Appellees have not seen fit to file a brief in this court. Thus, appellants need only demonstrate prima facie error in order to win reversal. Estate of Parrish (Norris v. Mortor) (1973), Ind. App., 293 N.E.2d 62, 65. See also, Michels v. Young Metal Products Inc. (1971), 148 Ind. App. 502, 267 N.E.2d 572, 574.

"In the absence of an appellee's brief the statements as to the facts contained in appellant's brief will be treated as accurate and sufficient for a full understanding of the questions presented for decision... ." Fortson v. Iden (1966), 138 Ind. App. 432, 433, 214 N.E.2d 399, 400.

Appellants rely on the case of In Re Adoption of Jeralds (1972), 152 Ind. App. 538, 284 N.E.2d 99 for their authority that the court committed reversible error in considering the Welfare reports without appellants having been afforded the right *874 to cross examine the maker of the reports or to rebut items or inferences of the reports or to have an opportunity to object to the use of the reports. Jeralds specifically held that in a contested adoption case, the things appellants complain of in the case at bar constitute reversible error.

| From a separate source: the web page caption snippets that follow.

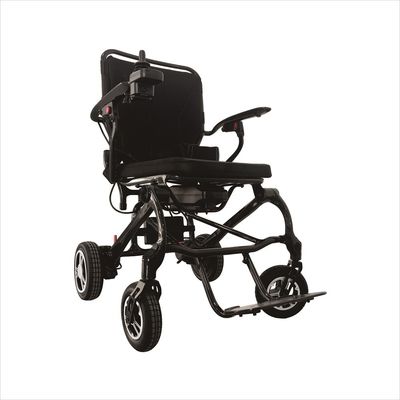 17 kg elektrische wagen voor rolstoel compact en opvouwbaar vouwbaar Grootte 710mm*615mm*340mm
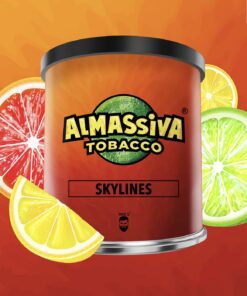 Al Massiva - Skylines Tabak 200g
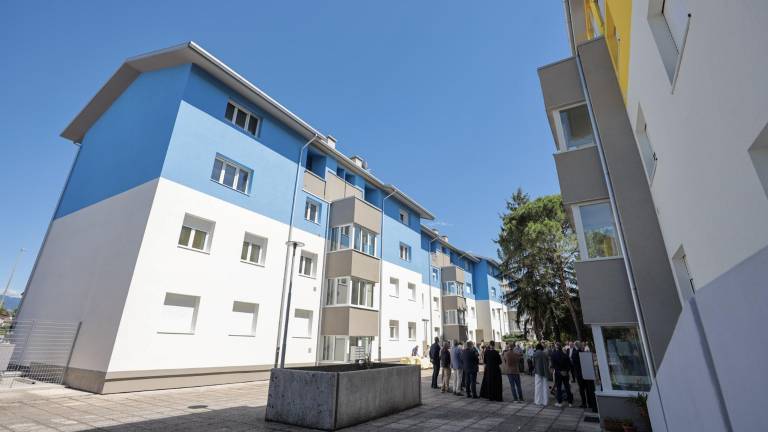 V Gorici čaka na socialno stanovanje 295 družin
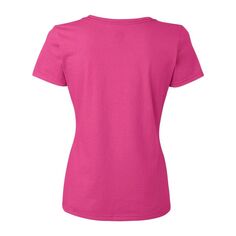 Хлопковая женская футболка HD с коротким рукавом Floso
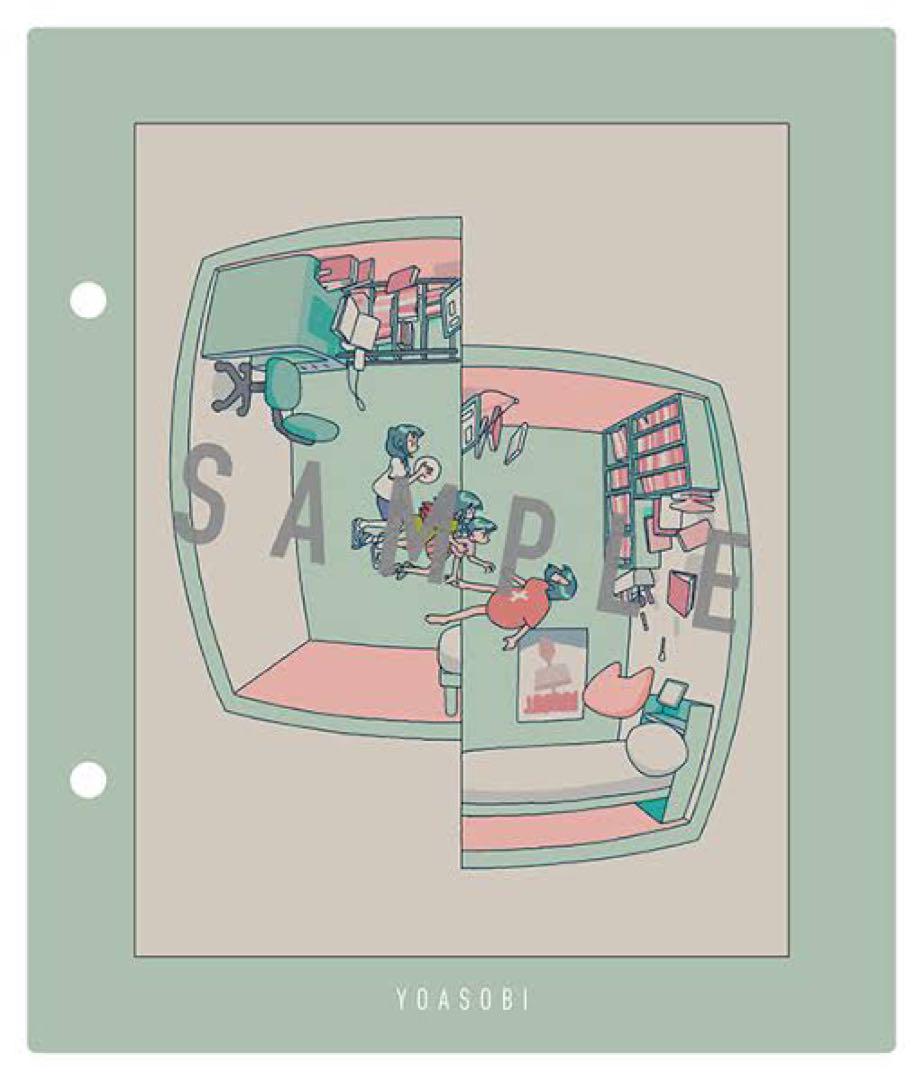 YOASOBI THE BOOK Ⅲ 完全生産限定盤 HMV特典付き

This court in Jeralds said:

"STATEMENT ON THE LAW: Where an adoption proceeding is contested by a natural parent, welfare reports should not be considered by the trial court as part of the evidence upon rendering its judgment. Our Supreme Court stated in Attkisson v. Usrey (1946), 224 Ind. 155, 65 N.E.2d 489: `In considering that portion of our adoption statute which provides for the preparation and submission of such report and recommendation for the use of the court in arriving at its decision, and that the same may be read in evidence on order of the court, it must be borne in mind that adoption proceedings are in the great majority of cases ex parte. Leonard v. Honisfager, 1909, 43 Ind. App. 607, 88 N.E. 91; Johnson v. Smith, 1931, 203 Ind. 214, 176 N.E. 705. Such proceedings only become adversary where, as in this case, the parents refuse to consent and contest the same. Glansman v. Ledbetter, 1921, 190 Ind. 505, 130 N.E. 230; Leonard v. Honisfager, supra; Johnson v. Smith, supra. In our opinion, these provisions now under consideration are meant to apply only to ex parte proceedings. To interpret this statute as allowing said report and recommendation, over objection, to be used as evidence in a contested case, under the guise of being an official report authorized by statute to be used as evidence, would result in an unfair trial. The report contemplated by this statute might well include "gossip, bias, prejudice, trends of hostile neighborhood feelings, the hopes and fears of social workers," as well as hearsay and opinion... .'" (Our emphasis.) 284 N.E.2d 101, 102.

This court further enunciated the same rule in the case of Adoption of Sigman v. Dohner (1974), Ind. App., 308 N.E.2d 716, 717.

We take cognizance of the fact that the above cited cases involved adoptions which were contested by the natural parents. However, we have determined that the rule requiring the introduction into evidence of a Welfare report shall similarly apply in cases wherein the adoption proceedings are contested by adoptive parents.

This rule requiring the introduction of a Welfare report into evidence in order that the person preparing the same may be cross examined thereon is for the trial court to have full and complete knowledge of all the facts in contested cases, either for adoption or to nullify an adoption.

It is not necessary that we write on other specifications of error after it has been determined that the trial court committed reversible error on one point. McGinnis v. P.S. Co. of Ind., Inc. (1974), Ind. App., 313 N.E.2d 708, 711. See also Selner v. Fromm (1969), 145 Ind. App. 378, 251 N.E.2d 127, 131.

We are constrained to hold the trial court committed reversible error in considering the Welfare reports. Cause reversed and remanded for a new trial.

ROBERTSON, C.J., and LYBROOK, J., concur.